4. Store your data externally
Where does all your company information go? What happens when your computer breaks or in the event of a hack or systems failure? It’s essential that you have a current remote backup of your entire system and data, and the best way to do this is by having a cloud solution. This is stored external of your business on a cloud system where you can access it remotely and add new data as and when you need to.
Undoubtedly this is the most expensive of our tips; good cloud storage from a trustworthy and reputable provider isn’t going to be cheap as chips, but it’s going to be one of the most important investments you’ll ever make. Your data is the lifeblood of your business, so make sure you protect it accordingly.
5. Lock and key
Whether you’re in a building of your own or share your office with other businesses - more on this later - it’s important that you invest in strong and high quality locks. Anti-snap locks and deadbolts are good for exterior doors, and roller shutter doors for warehouses provide that extra layer of security.
Rather than giving a key to all staff members, consider giving keys to just your senior management team, as long as you can guarantee that one will always arrive early to open the office. The fewer people have access then the security risk is lessened. And remember to instill good practices in those who do have keys; perhaps you could have an ‘end of the day’ checklist near the door that reminds people to check windows, blinds and front door locks?

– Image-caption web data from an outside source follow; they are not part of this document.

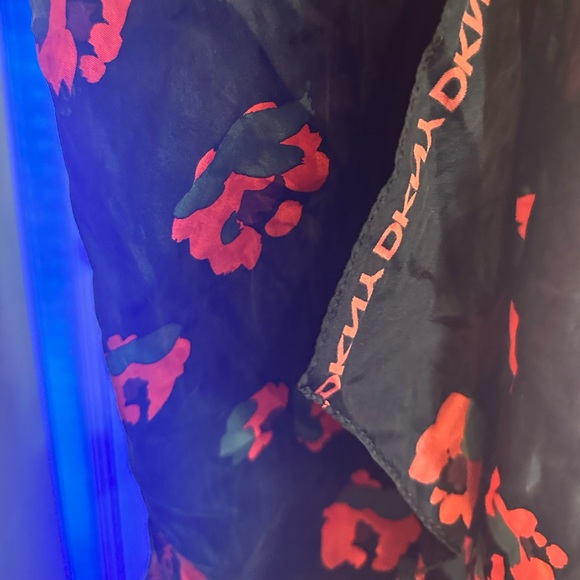 DKNY - Picture 6 of 8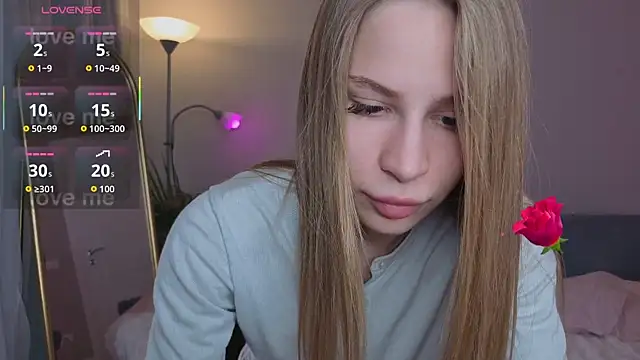 Snapshot of Elis_Fox chatting on 05/04/26, 02:02 Elis Fox online show from 05/04/26, 02:02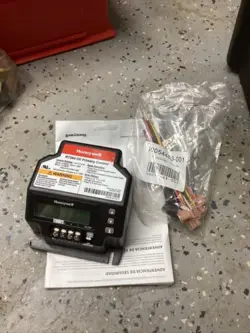 R7284U1004 HONEYWELL/RESIDEO UNIVERSAL PRIMARY OIL BURNER CONTROL NO BOX
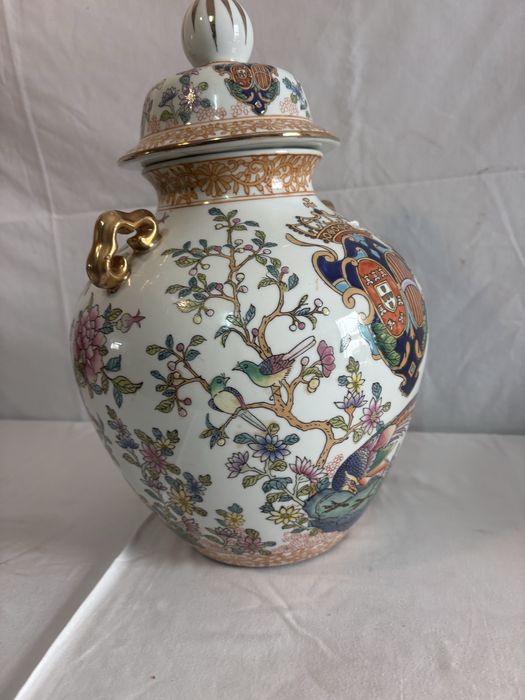 Marca Qianlong  Pote porcelana chinesa do Século XIX, com as armas Dom João V Marca Qianlong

Work on building a strong relationship - this costs nothing! - with your local locksmith as these are the ones you will be asking to come out at short notice should anything go wrong.
6. Take a look outside
If you’re an SME or start-up, then chances are you’re going to be based in a larger building with other businesses. With that in mind, there may already be a number of security measures in place, which is fantastic. But if you’re in a building alone, you’ll want to make sure your premises is protected.
How does your building look from the outside? Lights outside the building at night can be a great deterrent as criminals will like to work in the shadows for fear of being seen, and these are cheap and easy to install. Is it worthwhile investing in a CCTV system? If you’re only talking one or two cameras these don’t have to break the bank. Perhaps consider installing blinds that can be pulled down at night to stop any valuable items being seen from outside. And finally, internal lights on a timer can also be an effective deterrent and aren’t expensive at all.
7. Triple check your vendors
Our final security tip is about keeping the operations of your business safe. Many SMEs will use external providers and vendors for equipment and resources in order to function properly, but it’s important that you do your due diligence.
Make sure you check out all vendors and contractors before entering into a contract with them. Check out their reviews, speak to other businesses who use them (better yet, use recommended vendors) and take a look at their credit report; are bills paid on time? Could they go out of business soon or unexpectedly? How long have they been up and running? If anything raises a red flag, no matter how small, then don’t be afraid to take your business elsewhere.